Very little is known about the mechanism of anodic ozone formation. By analogy with its formation in a silent discharge, one may assume the gross scheme \( \mathrm{O_2 + O = O_3} \) \((^1)\). The participation of water is more probable

\[ \mathrm{H_2O + O_2 = O_3 + 2H^+ + 2e} \tag{1} \]

with possible intermediate formation of oxygen ions or radicals. Investigation of anodic voltage curves and of the state of the electrodes led a number of authors \((^{2-4})\) to the conclusion that, in anodic formation of \(\mathrm{O_2}\) and anodic oxidation, oxygen participates in the form of surface oxides. In particular, V. I. Veselovskii et al. \((^5)\) suggest, for platinum electrodes at high overvoltages corresponding to the production of ozone, the formation of higher oxides of the peroxide type, which with water yield ozone or oxygen:

\[ \mathrm{PtO + 2H_2O = PtO[O - O] + 4H^+ + 4e;} \tag{2a} \]

\[ \mathrm{PtO[O - O] + H_2O = PtO + O_3 + 2H^+ + 2e;} \tag{2b} \]

\[ \mathrm{PtO[O - O] = PtO + O_2.} \tag{2c} \]
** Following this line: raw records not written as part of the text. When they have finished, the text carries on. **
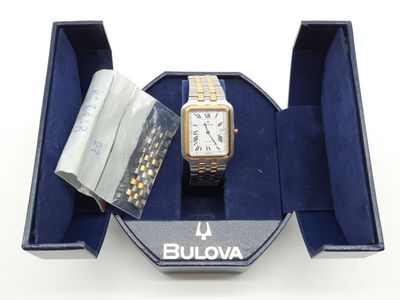 une photo d'une montre et d'un bracelet dans un coffret bleu
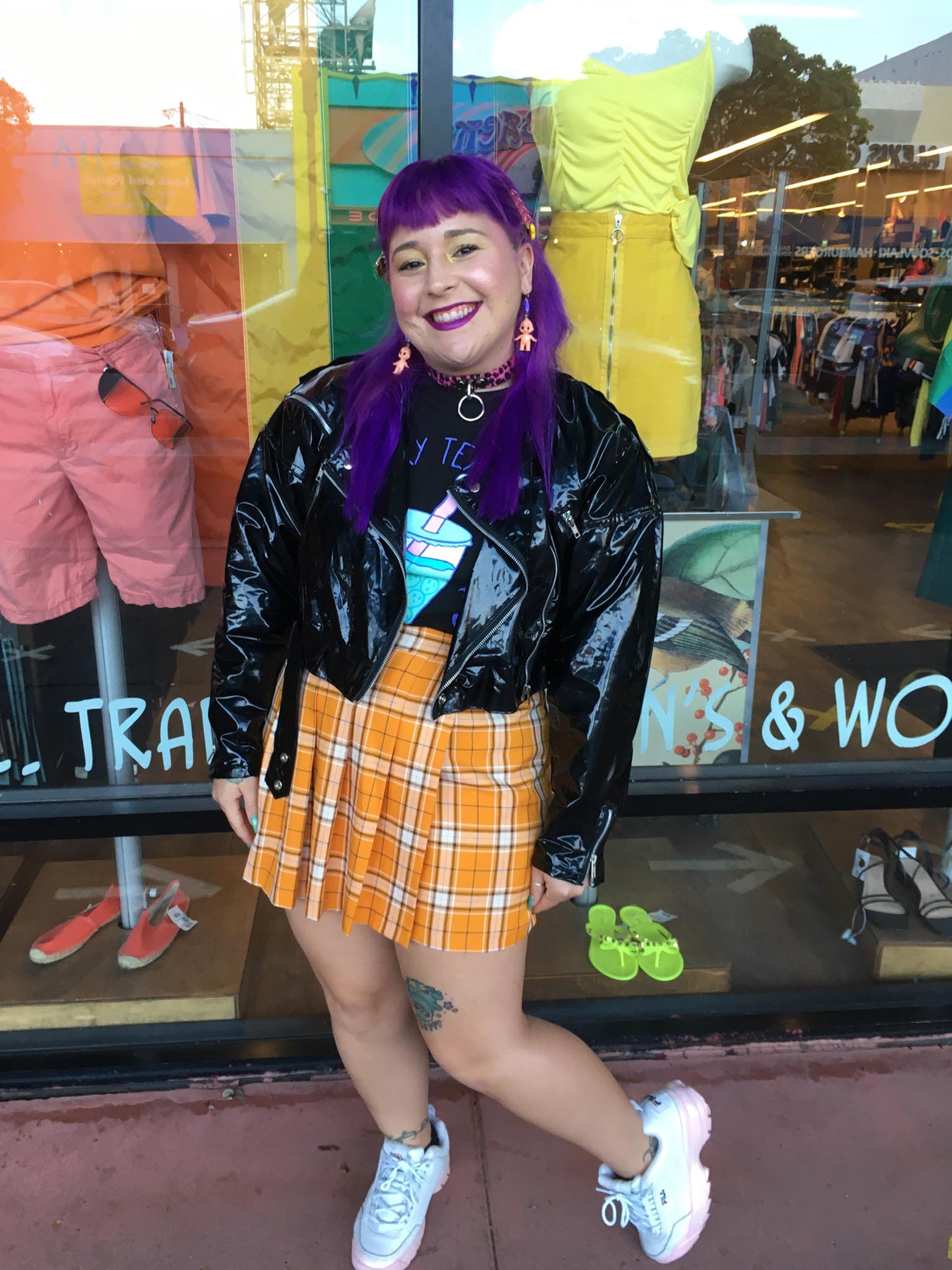 Smiling person with purple hair stands in front of shop window wearing an orange pleated skirt and black vinyl moto jacket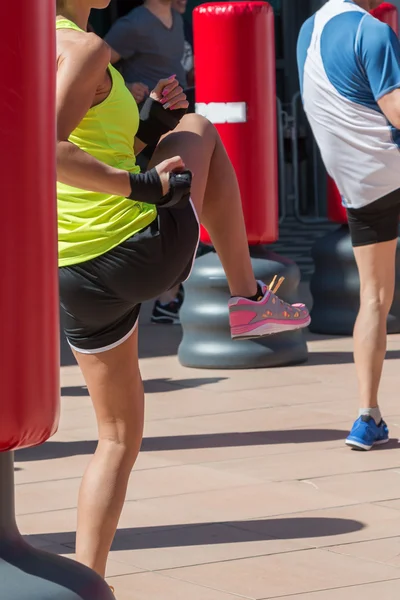 Ragazza pugilato e sacco da boxe in background — Foto Stock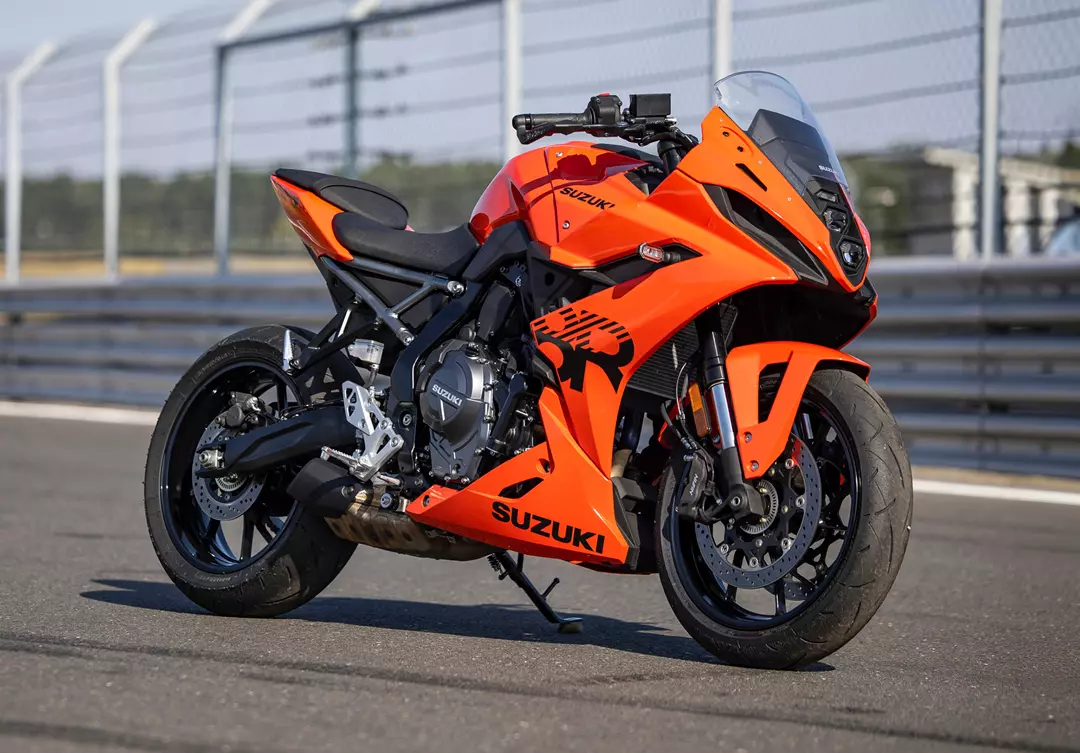 Suzuki GSX-8R side on front three quarters in a pit lane.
This scheme differs from (1) in that the oxygen evolved at the anode does not directly participate in the formation of ozone. On the other hand, we previously found \((^6)\) that, during electrolysis of \(\mathrm{KHSO_4}\) solutions, the yield of persulfate decreases sharply upon addition of \(\mathrm{H_2O_2}\), and the latter proves to be the main source of anodic \(\mathrm{O_2}\). As the concentration of \(\mathrm{H_2O_2}\) decreases, the persulfate yield increases and, in parallel, the fraction of oxygen from water in anodic \(\mathrm{O_2}\) increases. This made it possible to suppose that the higher surface oxides of platinum are formed not only according to (2a) from water, but also from peroxide compounds, for example

\[ \mathrm{PtO + H_2O_2 = PtO[O - O] + 2H^+ + 2e,} \tag{3} \]

and that these peroxide compounds, or their precursors in the anodic reaction, also participate in ozone formation.
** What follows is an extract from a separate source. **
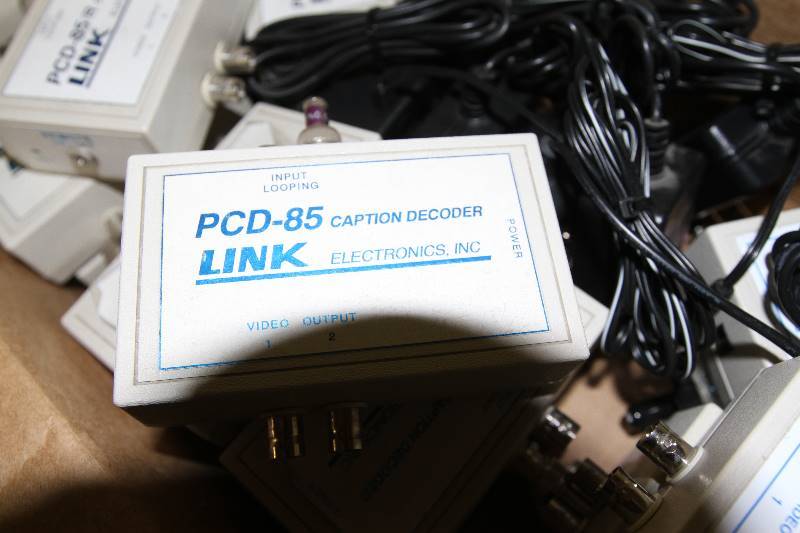 lot 76 image: Box of Miscellaneous Link Caption Decoders & Power Supplies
To investigate anodic ozone formation we used the heavy isotope of oxygen, which we had already successfully employed earlier \((^{2,6-10})\) for the study of anodic processes.
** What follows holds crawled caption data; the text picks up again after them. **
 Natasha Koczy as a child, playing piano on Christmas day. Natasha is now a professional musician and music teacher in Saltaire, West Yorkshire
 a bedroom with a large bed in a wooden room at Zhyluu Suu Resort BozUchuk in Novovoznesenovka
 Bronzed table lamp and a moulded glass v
Electrolysis was carried out in a vessel connected to a vacuum apparatus for separation of ozone and analysis of the anodic gas. After freezing out water, the latter was passed through a trap with 5% \(\mathrm{KI}\), where the ozone was collected and titrated, while the oxygen was measured by volume. For isotopic analysis, the gas entered another branch of the apparatus, where, after additional drying, the ozone was frozen out, degassed by pumping, purified by distillation into another vessel, where it was thawed and decomposed by heating to \(150^\circ\). The anodic oxygen and the oxygen from ozone were analyzed for \(\mathrm{O^{18}}\) content in a mass spectrometer. The completeness of ozone decomposition was checked by control

experiments on increasing the pressure by a factor of \(1^{1}/_{2}\) (with an accuracy of 5%) after heating the vessel in which the collected liquid ozone had been evaporated. The completeness of separation was also checked: ozone containing no excess \(O^{18}\) was frozen out from a mixture with \(O_2^{18}\). To determine \(O^{18}\) in \(H_2SO_4\) and \(KHSO_4\), they were converted into \(PbSO_4\), which was heated with degassed carbon at \(700^\circ\). The resulting \(CO_2\) was introduced into the mass spectrometer. The content of \(O^{18}\) in water was also determined in the form of \(CO_2\) after exchange with steam \((^{11})\). Heavy \(H_2SO_4^{18}\) was prepared by adding anhydrous acid to \(H_2O^{18}\). From it, \(KHSO_4^{18}\) was obtained by neutralization with KOH. An electrolyte containing 4–10 g of monoperoxysulfuric acid (Caro’s acid) in 60–70 ml of 5–6.5 \(M\) \(H_2SO_4\) solution in \(H_2O^{18}\) was prepared by dissolving 40 g of \(K_2S_2O_8\) powder with 26 ml of conc. \(H_2SO_4\) under strong cooling, after which 50 ml of cooled \(H_2O^{18}\) was added. After standing for 1 h at \(20^\circ\), the liquid was filtered. Electrolysis was carried out at \(20^\circ\), with a current of 4–7 A, at a voltage of 11 V, an anodic current density of 1–1.5 A/cm\(^2\), and a volumetric current density of 0.1–0.2 A/ml. The hollow platinum anode was additionally cooled with running water. Before the experiment it was washed in nitric acid and repolarized with a current of 0.1 A/cm\(^2\). The determination of \(S_2O_8^{2-}\) and \(SO_5^{2-}\) in the electrolyte was carried out iodometrically \((^{12,13})\). Under the experimental conditions, appreciable amounts of \(H_2O_2\) were not formed, and ozone condensed, depending on the experimental conditions, at 2–6 mg/h with oxygen evolution of about 1 l/h. In experiments with 4.5–6.8 \(M\) \(H_2SO_4\), during electrolysis 0.004–0.008 moles of \(H_2SO_5\) (per 40–60 ml) were formed as a result of hydrolysis of persulfate.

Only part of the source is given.